ところが、自分で質の良い食材を買い料理を作るようにしたことで、味をしっかり感じることができるようになり、食事を楽しめるようになったり、添加物まみれのものは美味しくないと感じたり、味の違いに気づけるようになったり、お腹を満たすだけじゃない楽しみ方をできるようになったのだった。
もちろんお腹も満たされるけれど、体に悪いものを摂り入れてないので、むしろ心も体も良いという感じ。
食べた後の罪悪感もないし、添加物による体のだるさもないから、自分の体調が良くスッキリしている。
味覚がよくなることによって、食事の時の会話も変化した。3歳の息子も味覚が良く、どんな味がするかの会話を楽しみ、マインドフルに食事をすることができている。
食材に興味を持つことでしっかり噛んで味を感じ、少量でも満腹を感じることができる。

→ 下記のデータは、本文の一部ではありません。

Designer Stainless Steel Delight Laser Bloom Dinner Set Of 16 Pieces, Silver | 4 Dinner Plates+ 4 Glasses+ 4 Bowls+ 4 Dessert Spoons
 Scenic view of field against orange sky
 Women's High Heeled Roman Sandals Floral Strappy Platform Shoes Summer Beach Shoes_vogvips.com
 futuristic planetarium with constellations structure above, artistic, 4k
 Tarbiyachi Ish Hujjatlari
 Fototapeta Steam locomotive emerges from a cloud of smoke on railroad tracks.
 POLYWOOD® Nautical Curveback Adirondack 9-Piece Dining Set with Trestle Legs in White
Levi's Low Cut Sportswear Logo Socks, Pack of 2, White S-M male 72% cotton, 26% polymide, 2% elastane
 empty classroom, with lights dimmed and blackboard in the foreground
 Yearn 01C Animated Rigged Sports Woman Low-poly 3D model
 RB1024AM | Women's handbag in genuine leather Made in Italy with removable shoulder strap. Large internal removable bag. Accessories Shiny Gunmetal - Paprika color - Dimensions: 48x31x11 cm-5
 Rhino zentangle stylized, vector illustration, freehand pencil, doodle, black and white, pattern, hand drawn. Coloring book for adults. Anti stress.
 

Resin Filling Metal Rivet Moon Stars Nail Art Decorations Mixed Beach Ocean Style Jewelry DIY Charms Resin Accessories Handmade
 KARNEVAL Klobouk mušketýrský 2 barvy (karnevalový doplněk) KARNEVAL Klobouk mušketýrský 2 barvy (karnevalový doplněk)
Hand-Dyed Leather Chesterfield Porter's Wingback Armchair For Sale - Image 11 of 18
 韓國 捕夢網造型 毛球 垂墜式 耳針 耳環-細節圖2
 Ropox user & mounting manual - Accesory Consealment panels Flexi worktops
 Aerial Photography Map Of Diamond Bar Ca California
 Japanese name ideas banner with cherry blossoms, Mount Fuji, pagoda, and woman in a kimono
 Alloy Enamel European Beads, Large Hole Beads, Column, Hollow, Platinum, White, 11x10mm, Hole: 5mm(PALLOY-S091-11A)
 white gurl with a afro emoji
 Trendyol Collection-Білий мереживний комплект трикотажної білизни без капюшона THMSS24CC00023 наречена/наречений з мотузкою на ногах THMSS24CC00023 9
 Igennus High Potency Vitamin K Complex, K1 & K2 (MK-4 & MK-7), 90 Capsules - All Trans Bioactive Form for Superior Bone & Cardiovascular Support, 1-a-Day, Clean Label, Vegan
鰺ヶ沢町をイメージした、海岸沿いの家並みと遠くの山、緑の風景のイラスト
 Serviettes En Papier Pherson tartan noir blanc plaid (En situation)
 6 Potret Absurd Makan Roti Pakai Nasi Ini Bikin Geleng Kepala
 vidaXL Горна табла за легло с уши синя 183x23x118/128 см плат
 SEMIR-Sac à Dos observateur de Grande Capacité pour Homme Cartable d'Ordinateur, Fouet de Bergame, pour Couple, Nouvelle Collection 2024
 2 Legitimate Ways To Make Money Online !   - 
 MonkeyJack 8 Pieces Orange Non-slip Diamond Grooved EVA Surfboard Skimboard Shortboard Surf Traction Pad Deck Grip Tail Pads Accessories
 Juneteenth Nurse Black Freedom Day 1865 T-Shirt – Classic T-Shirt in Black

早食いにもならないし、食べ過ぎにもならないから消化にも優しい食べ方になり、つまりは暴飲暴食を防ぎスリムな体型になっていき、味覚がよくなるだけでなく健康的な体になっていくのだ。
この流れが本当に心地よくて、そうだ、わたしは楽をして時間とお金の節約をするかわりに、新しくこれを手に入れたんだ、という実感があった。
夫は平日はこの生活は難しいが、土日や休日に一緒にこの生活を続けて9ヶ月になる。
出かけることが好きで外食が多かったわたしたち夫婦が子どもが産まれたことで手料理を楽しむ家族として、これからの人生をどんなふうに楽しんでいくことになるのか。わたしたちが1番楽しみにしているのかもしれない。
いずれにしても、楽だった生活と手を切ったとしても、手間の中にも、それ以上の価値があるものが入ってくることもわかった。
それを知っていることで、この先も軽やかに変わっていける気がする。